You can have all the training in the world for your career of choice, but you don’t really start learning until you show up for work, sort of like driving a car. Employees might have been briefed and tested on the different aspects of their job, but that doesn’t mean they’re fully prepared for the ins and outs of working life. An empathetic role model can make a world of difference, which is why workplace mentorship is important for long-term employee development.

What is workplace mentorship?

What we’re discussing today are formal workplace mentorships. Generally speaking, unlike your boss, a mentor isn’t responsible for managing you, assigning you work, or reprimanding you in any way. While workplace mentors can often be very high-ranking members of staff, they can also be people on the employee level who happen to have specialist knowledge or a knack for guiding others. More than 70% of Fortune 500 companies have mentorship schemes in place, as do a notable chunk of smaller businesses.

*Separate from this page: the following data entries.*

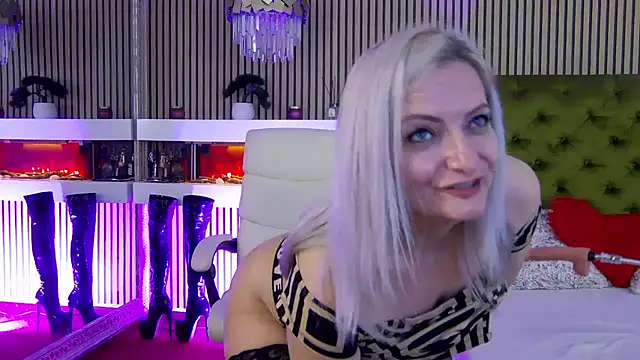 ladytouch (F milf) - 🔥 Hot ANAL Show 🍑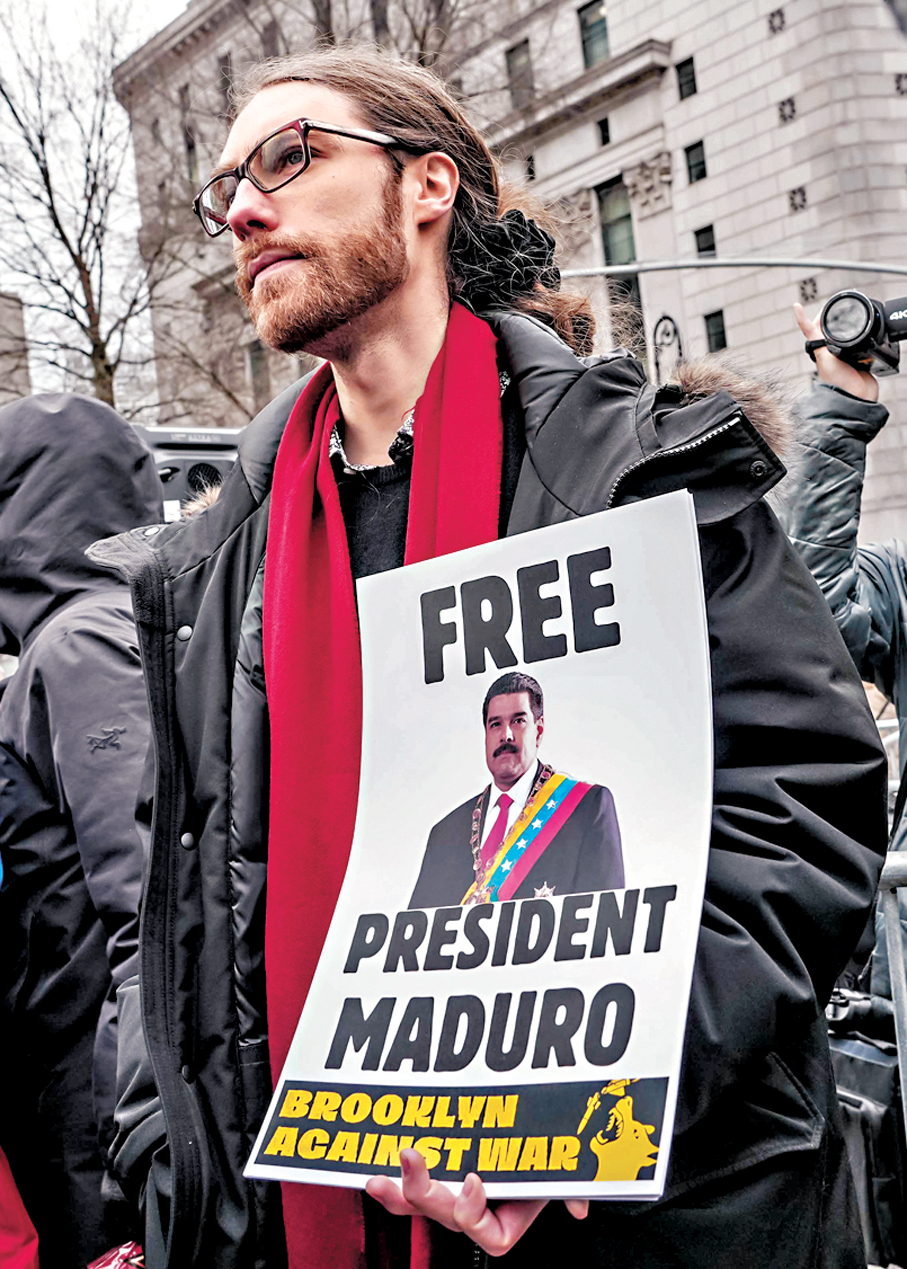 ●支持馬杜羅的人士在法院外展示標語。 新華社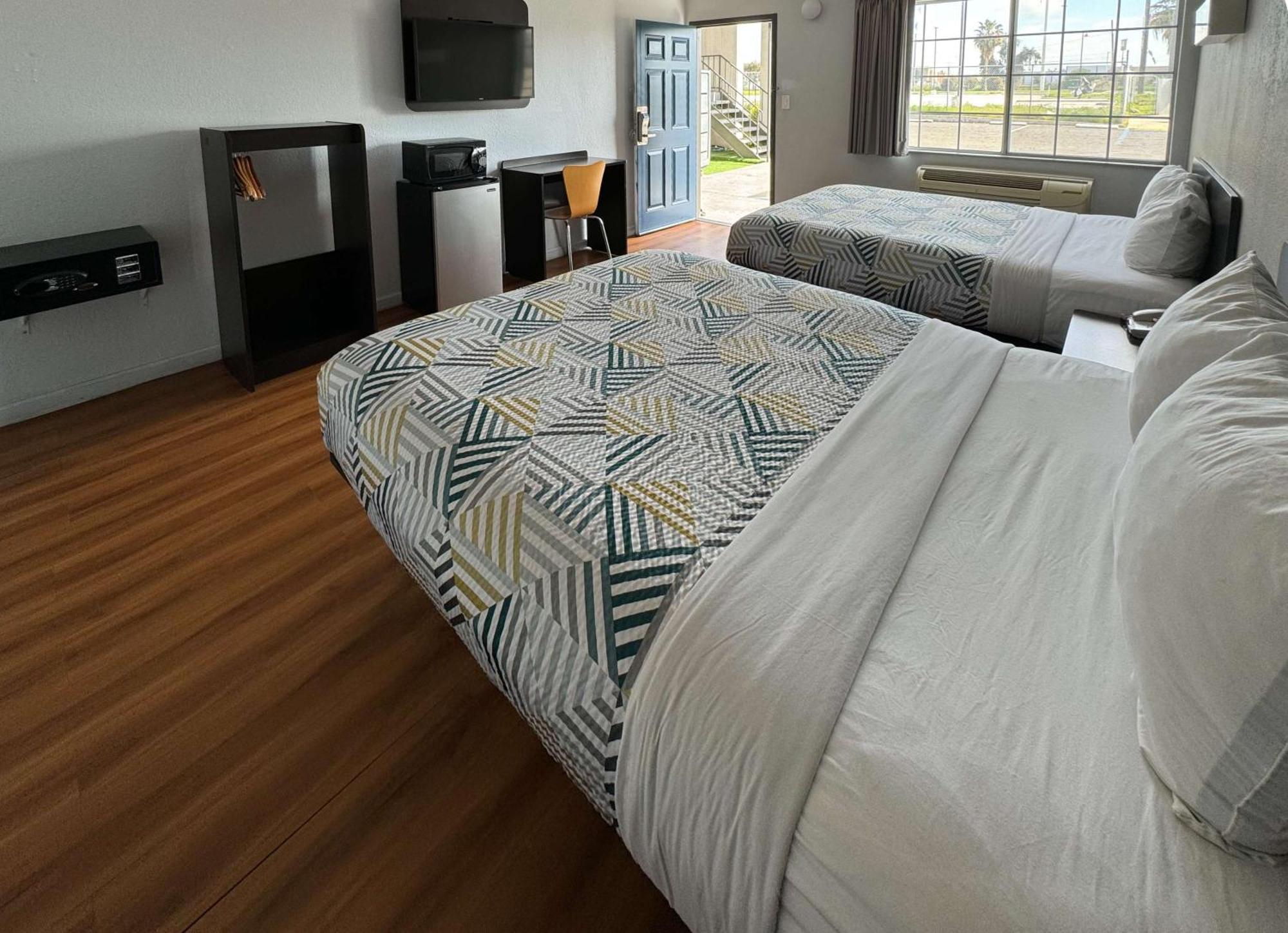 Motel 6-Delano, Ca Екстериор снимка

Education is vital for expanding our boundaries, and it shouldn’t necessarily stop when you graduate, because people can massively benefit from education in the workplace too. Throughout school and working life, we spend time with various people who could be described as mentors helping us to achieve progress. While it starts with teachers, a person’s manager is also their mentor to some degree.

A manager’s job is to keep their employees on task, and ensure that their behavior reflects the values of the business, and it’s hard to imagine someone doing this without being a mentor in at least some capacity. But managers have a lot of responsibilities, and aren’t guaranteed to be someone their team members find approachable, which is why workplace mentorship is important.

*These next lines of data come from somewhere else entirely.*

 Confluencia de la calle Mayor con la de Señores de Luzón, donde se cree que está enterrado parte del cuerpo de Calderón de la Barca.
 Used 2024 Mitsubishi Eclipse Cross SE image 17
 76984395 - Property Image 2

The objectives of workplace mentoring

There are various reasons an employee might seek out a workplace mentorship scheme, so employers need to try and avoid taking a one-size-fits-all approach. There are a few different mentorship types you could offer to employees to suit their needs.

  • Getting to grips with the basics: If you have the personnel for it, providing mentorships to new employees can be a great way of getting them up to speed. Peer mentorships work really well here, because the mentee gets practical instruction from someone who knows the daily pressures first-hand, while also getting that first social connection to break the ice with their new team.
  • Long-term career development: Even if an employee has all their basic responsibilities down, they could still benefit from being mentored. Career mentorships are about helping someone hit the right stops on their career path to keep advancing. A career mentor is typically a fairly senior employee (or even a retired one), who can advise which promotions to aim for, what skills you’ll need, and anything else it takes to make it to the top. Because career mentors are often quite senior, their networking connections alone make them worth their weight in gold.
  • Staying resilient and achieving work/life balance: A good mentor is someone who’s been around the block, and knows what its most stressful days feel like. One reason why workplace mentorship is important is because a good mentor can help protect employee wellbeing by helping them to stay resilient. Some companies even offer “life mentorships.” Life mentors don’t so much help you navigate the world of work, so much as they help you to reconcile work commitments with personal obligations. These can be very useful for really demanding jobs with poor work/life balance, like being a doctor, or a lawyer at a big firm.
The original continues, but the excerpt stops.